Question

I am debating whether to give my files a public url or a limited private one.

I am hosting various files for a mobile/web application. These will include product images and videos. Currently only authorized users can access this application, and so the files are private. However, I suppose users may want to directly share the file URLs with other users who are not authorized users so they can view them directly (eg through a web browser).

Currently the files are on an AWS S3 bucket (which has no public access) files are given a public url that expires after a short period of time (eg hours). By following this system we also avoid DOS attacks on our S3 bucket.

Am I missing any major reasons to make them public vs private (and the other way around)?
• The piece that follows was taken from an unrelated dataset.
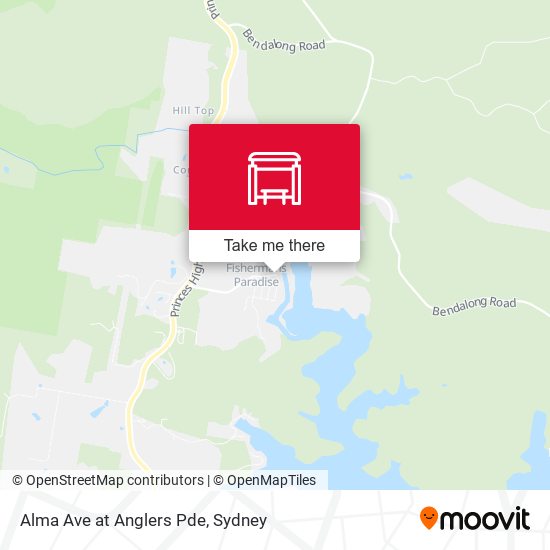 Alma Ave at Anglers Pde map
I noticed that facebook used to have persistent file urls for user photos across their CDN, but now they are only valid for an authenticated user (I haven't tested their persistence over time).

Was it helpful?

Solution

I think Facebook restricted images to authenticated users in an effort to stop "screen scraping" by unknown actors. This also verifies that an image can only be viewed under strict business rules (friends, friends of friends, etc.).

By "public URL", do you mean you have a signature as part of the URL that causes it to expire after a certain time or do you have a token that kills the link when the user's session expires? If the link is still active after a user logs out, even for a short while, that could pose a security risk.

If you've been asked for the ability to share files without the need for a user login, you might consider applying a passcode at the very least to access the file. Otherwise, you're sending a file into the wild to be accessed by whomever has the link without any authentication at all. Not sure what kind of content you're dealing with, but if the file contains personally identifiable information (PII data), that's another security risk.

You should also consider a way to kill any file link immediately by the user in the case that something was sent out that shouldn't have been.

Might bear discussing this further with your IT team to iron out the rules for allowing non-authenticated file access.